We know this because the object(s) orbit the Sun in the main asteroid
belt between Mars and Jupiter. Comets don’t usually have orbits like
that. Also, a comet on that orbit would have long since lost all its
volatile material (stuff like ice that can be vaporized by sunlight and
expand away as a gas). The event we’re seeing here can’t have started
too long ago, and we’ve caught it while it’s still happening.
The first thing you might think of is an impact by another asteroid.
We’ve seen that before. But in this case the debris isn’t flying apart
quickly enough; they’re moving at a glacial 1.5 kilometers per
hour—slower than walking speed! An impact strong enough to disrupt an
asteroid should have much faster-moving shrapnel than that. Also,
tracing the motions back, the pieces didn’t all fly off at the same
time, so it wasn’t a single, catastrophic event that started them on
their way.
More likely, what we’re seeing here is the final stages of the YORP effect.

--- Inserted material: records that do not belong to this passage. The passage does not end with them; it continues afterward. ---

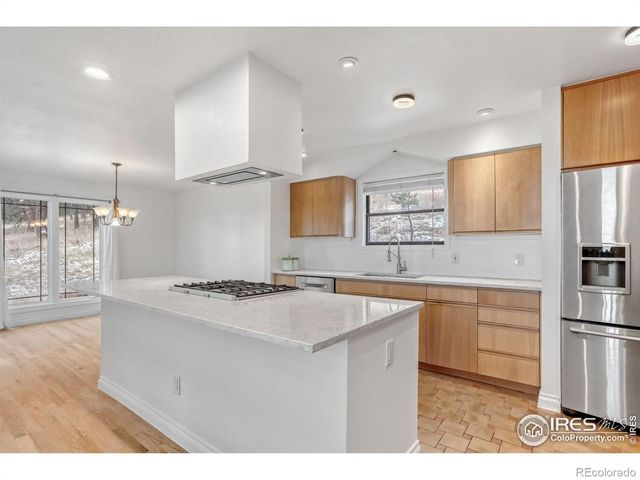 8483 Thunderhead Drive, Boulder, CO 80302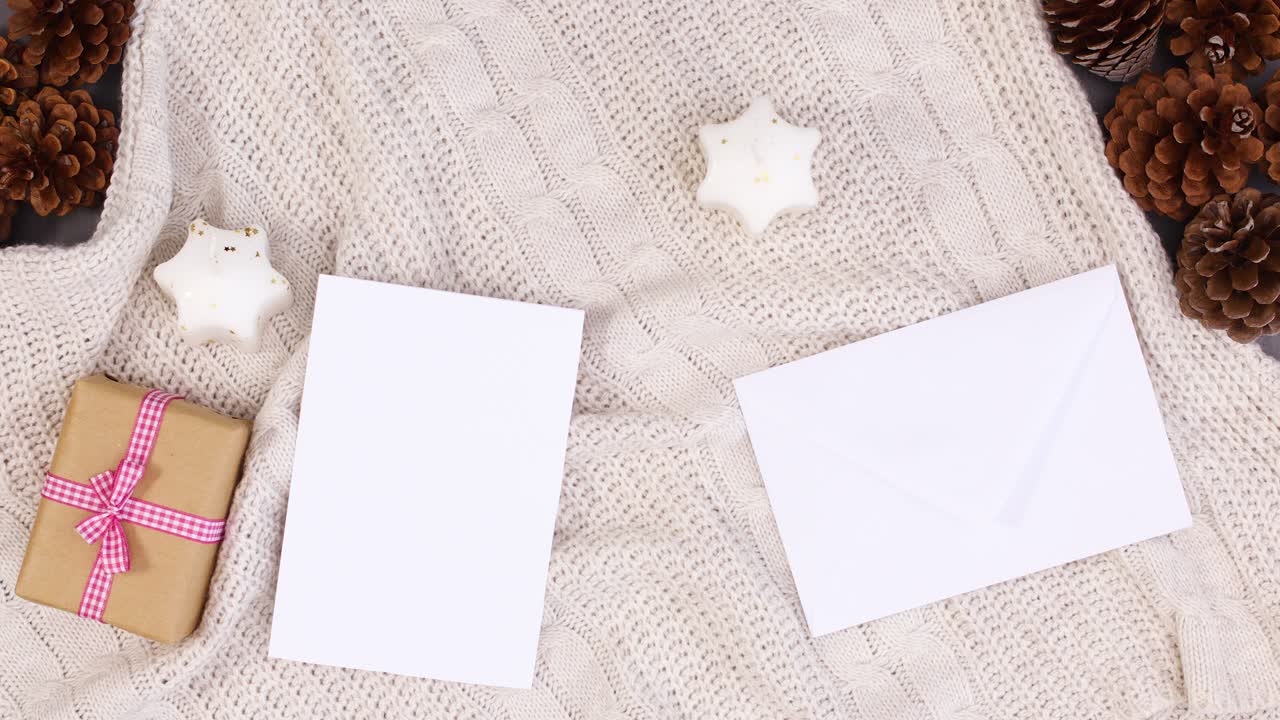 불, 장식품 및 소원을 위한 봉투와 함께 종이로 크리스마스 겨울 장식.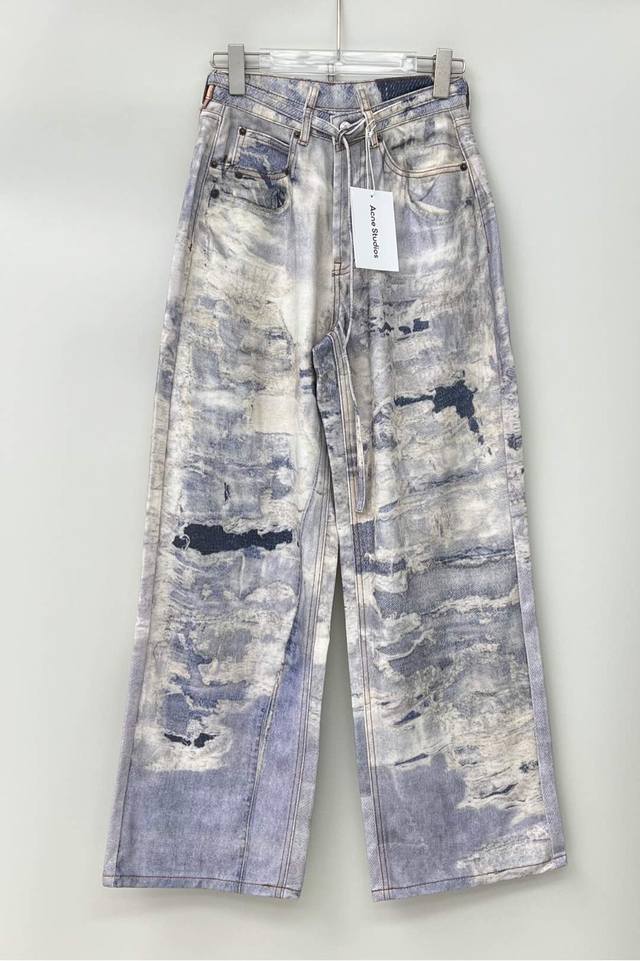 25新品 Acn*晕染腰绳宽松长裤 印花泼墨油画晕染设计 自带腰绳 男女同款 版型不挑人 整体真的很潮裤类型 今年Ac火到不行 基本一出一个火 这款时髦度和实穿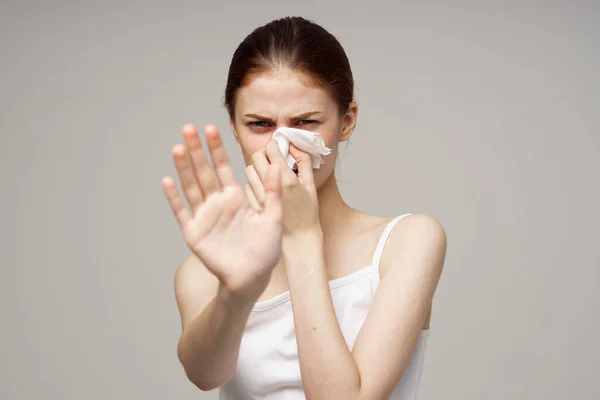 Vrouw in wit t-shirt met een sjaal lichte achtergrond — Stockfoto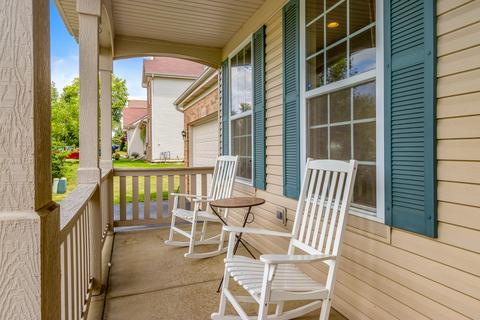 1633 Acorn Dr, Hoffman Estates, IL 60192 photo 3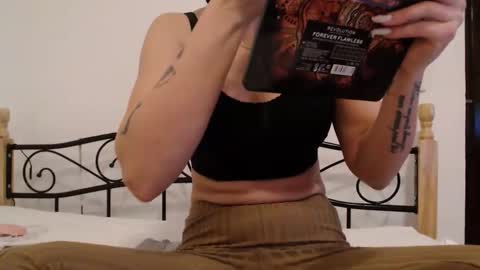 Missy online show from 28, 11, 2025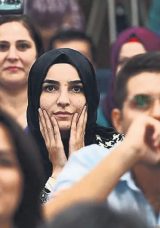 &Ouml;ğretmenler G&uuml;n&uuml;&rsquo;nde Atama M&uuml;jdesi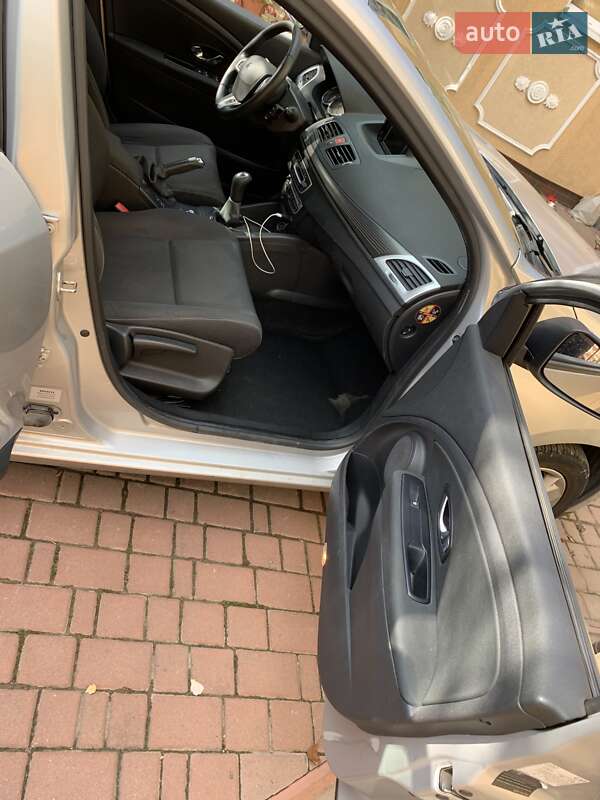 Универсал Renault Megane 2012 в Ивано-Франковске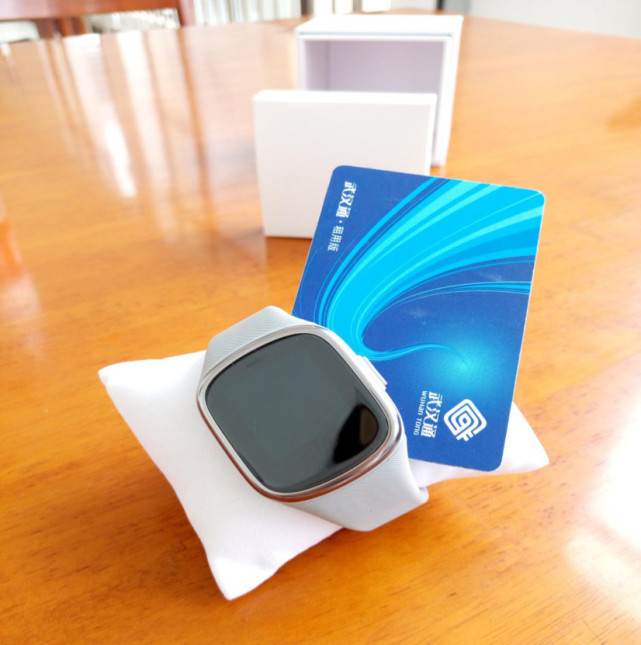 拉卡拉智能运动手环,有颜值的智能手环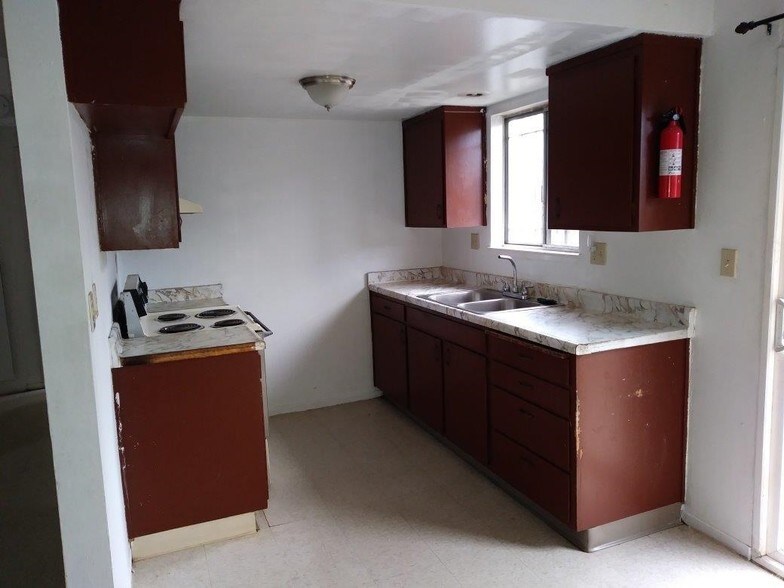 More Photos Of 8120 Tam O Shanter Dr, Stockton Apartments For Sale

This is an incredible slow and gentle process where sunlight heats up
one side of a rotating, lumpy object. The object re-radiates that heat
away as infrared light, which has a teeny tiny amount of momentum.
Although this is a quantum effect, and very small, over time this can
act to speed up the rotation of the rock and get it spinning at a
substantial clip. We’ve actually seen the effects of this before, on an
asteroid called P/2010 A2 (LINEAR) and another recently observed one called P/2013 P5, which sprouted six different comet-like tails! (Note the designation P for all these objects; that stands for “periodic comet,”
because the naming convention dictates that anything that sends out
material like this has cometary properties; I think this makes sense up
to a point but is confusing in the long run. But then, comets and asteroids are very similar, so it’s the nature of nature to blur the lines between categories.)
In those other cases, what probably happened is that loose material
on the surfaces of those objects got flung off when the parent body
started spinning so rapidly that the centrifugal force overcame that of gravity. In this case, though, the main body of the asteroid itself broke apart!
This means the parent body couldn’t have been a solid rock, or else
it would have been a lot sturdier. Instead, it was likely what
astronomers call a rubble pile.
Over time, a solid asteroid suffers myriads of minor collisions with
smaller asteroids. These may not be sufficient to destroy it, but they
may be enough to fragment it, creating deep cracks throughout. Instead
of a solid piece, the asteroid is more like a big bag of broken glass,
held together only by the cumulative gravity of all the pieces.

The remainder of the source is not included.